We resumed the Her Odyssey Route on January 3, 2022. Picking up bikepacking where we had left off in March 2020.
“Jorche y Paco son muy chambeador!”
They were my heroes of Aguascalientes when we crash landed here in March 2020. When I walked back through the door in December 2021, speaking his name, he seemed chuffed. I lavished compliments, that I would not trust my weary old steed, whom I call ‘La Cucaracha‘ to anyone else in the city. He is a hard and focused worker, we went over what the bike needed; tune up and cable and housing changes, brakes checked, check if the chain needs changed. We had brought a few extra bike pieces from the US which are hard to get as gifts and had to insist he take them, even though he had adamantly refused to receive any form of payment at any juncture.
We were just on the cusp of New Years and it registered only as a slight tick on his face and a sense that he was holding his breath when he asked if we needed it done before the holiday. YES! We were in a hurry, I had told the people of the internet we would be rolling by New Years. I had imaginary appointments to keep! It was an invitation to take a step back, from my own hurry and realize what I was asking of him. Cutting in to time spent celebrating with his friends and family. I realized, I could step back from my schedule expectations. A tiny echo from the very first days of this Odyssey, when all my finely laid plans had to be thrown out the window to forge forward. In so doing, to taste the wealth which arises from holding space for others’ experiences alongside your own.

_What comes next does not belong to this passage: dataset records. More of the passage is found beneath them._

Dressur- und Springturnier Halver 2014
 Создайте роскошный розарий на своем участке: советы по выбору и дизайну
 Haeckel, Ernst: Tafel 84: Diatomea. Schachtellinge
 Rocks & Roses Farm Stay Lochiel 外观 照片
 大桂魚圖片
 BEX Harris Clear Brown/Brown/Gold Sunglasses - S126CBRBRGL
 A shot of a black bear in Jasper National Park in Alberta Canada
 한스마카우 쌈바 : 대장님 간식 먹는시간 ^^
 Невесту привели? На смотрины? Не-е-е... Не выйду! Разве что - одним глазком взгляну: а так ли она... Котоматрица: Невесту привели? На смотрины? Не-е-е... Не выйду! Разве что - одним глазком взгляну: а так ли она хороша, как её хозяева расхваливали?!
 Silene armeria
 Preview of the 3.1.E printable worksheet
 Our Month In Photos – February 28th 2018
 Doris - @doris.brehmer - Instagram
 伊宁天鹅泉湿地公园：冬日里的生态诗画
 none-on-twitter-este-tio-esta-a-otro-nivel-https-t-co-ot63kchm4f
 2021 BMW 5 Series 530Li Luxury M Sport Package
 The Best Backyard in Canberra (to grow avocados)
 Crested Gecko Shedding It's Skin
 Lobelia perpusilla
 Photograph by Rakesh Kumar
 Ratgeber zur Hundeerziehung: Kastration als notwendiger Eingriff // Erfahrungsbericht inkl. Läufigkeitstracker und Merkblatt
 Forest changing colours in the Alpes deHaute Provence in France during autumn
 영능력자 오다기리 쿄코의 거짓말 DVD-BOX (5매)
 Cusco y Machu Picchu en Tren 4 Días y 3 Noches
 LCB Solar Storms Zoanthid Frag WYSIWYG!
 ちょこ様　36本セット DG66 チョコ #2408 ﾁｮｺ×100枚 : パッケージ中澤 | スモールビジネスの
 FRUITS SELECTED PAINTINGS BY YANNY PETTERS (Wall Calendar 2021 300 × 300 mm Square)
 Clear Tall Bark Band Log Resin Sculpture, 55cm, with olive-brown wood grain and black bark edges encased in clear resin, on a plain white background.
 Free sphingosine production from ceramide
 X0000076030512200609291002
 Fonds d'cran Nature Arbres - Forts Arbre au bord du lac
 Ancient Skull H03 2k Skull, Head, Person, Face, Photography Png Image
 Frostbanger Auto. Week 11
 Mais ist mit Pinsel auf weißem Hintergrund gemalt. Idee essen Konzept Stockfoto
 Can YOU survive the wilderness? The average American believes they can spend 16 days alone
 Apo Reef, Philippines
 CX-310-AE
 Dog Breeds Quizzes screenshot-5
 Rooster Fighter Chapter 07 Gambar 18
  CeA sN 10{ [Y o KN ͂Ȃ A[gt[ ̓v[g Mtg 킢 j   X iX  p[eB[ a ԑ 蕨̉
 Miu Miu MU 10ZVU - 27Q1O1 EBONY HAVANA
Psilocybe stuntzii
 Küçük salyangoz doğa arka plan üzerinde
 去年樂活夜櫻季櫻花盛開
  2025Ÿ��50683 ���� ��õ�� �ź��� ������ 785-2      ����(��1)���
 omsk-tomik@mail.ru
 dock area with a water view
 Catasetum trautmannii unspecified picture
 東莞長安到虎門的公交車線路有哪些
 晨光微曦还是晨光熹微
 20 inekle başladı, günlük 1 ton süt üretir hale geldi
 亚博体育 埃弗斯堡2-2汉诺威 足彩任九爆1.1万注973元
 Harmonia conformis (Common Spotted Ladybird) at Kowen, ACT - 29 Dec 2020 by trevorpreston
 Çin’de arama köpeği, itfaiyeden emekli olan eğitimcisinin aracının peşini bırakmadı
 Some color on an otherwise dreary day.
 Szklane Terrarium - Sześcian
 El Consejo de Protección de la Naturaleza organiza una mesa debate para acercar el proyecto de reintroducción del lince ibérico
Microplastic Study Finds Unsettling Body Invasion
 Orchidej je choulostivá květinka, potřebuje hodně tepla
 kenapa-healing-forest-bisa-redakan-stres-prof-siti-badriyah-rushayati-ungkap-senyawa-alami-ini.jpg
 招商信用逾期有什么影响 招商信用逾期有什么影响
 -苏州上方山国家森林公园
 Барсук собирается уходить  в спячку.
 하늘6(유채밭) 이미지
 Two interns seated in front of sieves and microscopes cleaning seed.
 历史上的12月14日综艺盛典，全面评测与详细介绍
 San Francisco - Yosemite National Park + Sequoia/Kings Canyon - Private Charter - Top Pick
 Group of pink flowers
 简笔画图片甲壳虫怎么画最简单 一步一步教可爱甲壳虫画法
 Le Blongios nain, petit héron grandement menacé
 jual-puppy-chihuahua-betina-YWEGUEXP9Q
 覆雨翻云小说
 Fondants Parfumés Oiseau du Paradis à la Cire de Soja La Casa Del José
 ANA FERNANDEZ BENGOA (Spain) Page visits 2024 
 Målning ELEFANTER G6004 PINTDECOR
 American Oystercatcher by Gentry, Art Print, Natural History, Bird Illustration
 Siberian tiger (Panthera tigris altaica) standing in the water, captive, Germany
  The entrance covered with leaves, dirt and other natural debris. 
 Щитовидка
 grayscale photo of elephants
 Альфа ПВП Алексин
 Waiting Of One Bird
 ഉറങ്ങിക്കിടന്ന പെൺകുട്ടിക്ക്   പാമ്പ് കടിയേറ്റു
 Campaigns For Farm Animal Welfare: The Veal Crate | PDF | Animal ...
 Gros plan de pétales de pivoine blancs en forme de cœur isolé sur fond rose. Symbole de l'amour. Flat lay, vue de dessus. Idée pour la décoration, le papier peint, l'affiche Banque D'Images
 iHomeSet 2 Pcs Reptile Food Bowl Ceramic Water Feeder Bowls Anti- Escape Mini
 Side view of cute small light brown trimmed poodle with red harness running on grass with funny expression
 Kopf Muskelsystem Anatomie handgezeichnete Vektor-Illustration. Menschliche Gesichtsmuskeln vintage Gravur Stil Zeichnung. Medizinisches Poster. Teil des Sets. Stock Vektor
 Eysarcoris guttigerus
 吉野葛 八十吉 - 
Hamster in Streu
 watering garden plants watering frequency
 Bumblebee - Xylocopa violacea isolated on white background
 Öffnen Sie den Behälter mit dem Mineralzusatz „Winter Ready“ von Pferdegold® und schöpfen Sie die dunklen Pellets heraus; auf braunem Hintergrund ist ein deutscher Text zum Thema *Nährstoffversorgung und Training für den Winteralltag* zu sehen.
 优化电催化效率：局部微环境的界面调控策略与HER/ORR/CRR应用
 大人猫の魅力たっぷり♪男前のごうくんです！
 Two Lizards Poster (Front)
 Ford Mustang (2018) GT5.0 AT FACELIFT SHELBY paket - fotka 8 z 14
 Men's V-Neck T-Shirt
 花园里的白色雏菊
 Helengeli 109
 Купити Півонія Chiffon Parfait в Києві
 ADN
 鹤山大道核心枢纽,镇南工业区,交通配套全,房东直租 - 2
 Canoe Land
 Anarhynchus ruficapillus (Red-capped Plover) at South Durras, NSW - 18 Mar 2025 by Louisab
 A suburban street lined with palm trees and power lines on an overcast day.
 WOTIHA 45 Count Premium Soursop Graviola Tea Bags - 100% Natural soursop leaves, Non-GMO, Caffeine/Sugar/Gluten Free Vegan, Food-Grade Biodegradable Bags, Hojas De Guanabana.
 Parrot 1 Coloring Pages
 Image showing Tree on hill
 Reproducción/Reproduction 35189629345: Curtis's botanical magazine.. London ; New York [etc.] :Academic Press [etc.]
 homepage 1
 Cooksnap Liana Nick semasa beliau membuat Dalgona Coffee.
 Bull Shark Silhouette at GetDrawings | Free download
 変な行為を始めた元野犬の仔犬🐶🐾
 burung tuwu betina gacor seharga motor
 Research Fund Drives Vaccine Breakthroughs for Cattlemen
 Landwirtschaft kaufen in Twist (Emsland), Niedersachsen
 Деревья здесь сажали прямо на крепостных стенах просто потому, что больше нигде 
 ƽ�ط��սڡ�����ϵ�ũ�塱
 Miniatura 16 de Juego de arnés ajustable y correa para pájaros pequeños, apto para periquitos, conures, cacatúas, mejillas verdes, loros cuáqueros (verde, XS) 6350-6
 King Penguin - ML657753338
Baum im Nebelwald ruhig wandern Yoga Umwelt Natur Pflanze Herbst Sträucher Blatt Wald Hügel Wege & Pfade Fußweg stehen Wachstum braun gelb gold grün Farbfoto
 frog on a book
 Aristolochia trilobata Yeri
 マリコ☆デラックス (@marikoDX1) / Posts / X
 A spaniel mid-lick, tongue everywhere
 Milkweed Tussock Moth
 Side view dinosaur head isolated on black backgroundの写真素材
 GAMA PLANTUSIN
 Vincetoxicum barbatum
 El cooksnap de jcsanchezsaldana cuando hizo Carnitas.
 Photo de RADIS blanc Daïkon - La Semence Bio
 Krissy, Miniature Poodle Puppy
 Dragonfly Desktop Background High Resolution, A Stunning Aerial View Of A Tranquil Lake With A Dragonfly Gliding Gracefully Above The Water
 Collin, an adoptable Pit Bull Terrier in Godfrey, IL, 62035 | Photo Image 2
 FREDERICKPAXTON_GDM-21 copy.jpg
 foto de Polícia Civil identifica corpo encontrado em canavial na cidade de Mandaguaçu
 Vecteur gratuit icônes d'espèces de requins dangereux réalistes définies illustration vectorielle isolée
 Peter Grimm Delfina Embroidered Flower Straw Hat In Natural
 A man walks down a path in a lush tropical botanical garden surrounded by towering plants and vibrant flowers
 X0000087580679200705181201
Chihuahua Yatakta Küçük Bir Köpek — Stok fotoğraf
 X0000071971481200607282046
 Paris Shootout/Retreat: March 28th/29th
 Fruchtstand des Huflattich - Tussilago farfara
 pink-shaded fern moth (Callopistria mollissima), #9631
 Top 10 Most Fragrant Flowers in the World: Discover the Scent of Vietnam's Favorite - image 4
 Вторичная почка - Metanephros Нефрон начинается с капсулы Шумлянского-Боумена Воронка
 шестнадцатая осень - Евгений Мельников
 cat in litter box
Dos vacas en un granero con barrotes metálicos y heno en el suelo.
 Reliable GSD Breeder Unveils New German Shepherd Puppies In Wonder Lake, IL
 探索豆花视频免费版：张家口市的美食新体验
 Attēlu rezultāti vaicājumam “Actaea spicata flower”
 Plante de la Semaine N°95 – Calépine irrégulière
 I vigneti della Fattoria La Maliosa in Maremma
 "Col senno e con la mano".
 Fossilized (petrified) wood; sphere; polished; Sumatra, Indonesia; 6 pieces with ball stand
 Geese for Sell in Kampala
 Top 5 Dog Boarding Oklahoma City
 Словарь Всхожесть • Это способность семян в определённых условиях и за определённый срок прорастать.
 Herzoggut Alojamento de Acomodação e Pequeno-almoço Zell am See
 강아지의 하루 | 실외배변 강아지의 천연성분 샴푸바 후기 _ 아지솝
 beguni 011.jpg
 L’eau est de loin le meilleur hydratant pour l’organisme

I told him if it was too much too hurried, we could wait until after New Years to depart, that his schedule mattered just as much as mine. His shoulders slumped with relief and a huge grin broke across his face. Laborers down here will never offer you their hands, embarrassed of the grease and grime, instead we fist bumped happily. I returned on January 2 to find they had scrubbed it, added more water bottle holders, and all the little acts of love poured into the machine, followed by gift giving and kindness like I can only express in person, I was beyond words.
But of course, tried in every way I could anyway…
Like this blog I wrote when we crash landed here:
https://www.her-odyssey.org/2020/04/26/jorche-de-los-bicis/
Or this 3 min video right before we set out again:
https://youtu.be/1KzTkc0kNcc
On January 3, we set out under full sun across the Central Plateau. Stopping on the south side of Aguascalientes to watch a murmuration of migrating birds in the Nissan Mexico Plant parking lot before taking to some of the dirt roads in the afternoon.
We made it all of about 7 km before the heat of the day and comedown from the adrenaline of getting going again had us stop for ice cream in the shade. We had our first giddy daily check in and decided where we thought we’d make it by sunset. Something felt hopeful and grounding about getting back to known patterns with a safe partner, even in unknown environs.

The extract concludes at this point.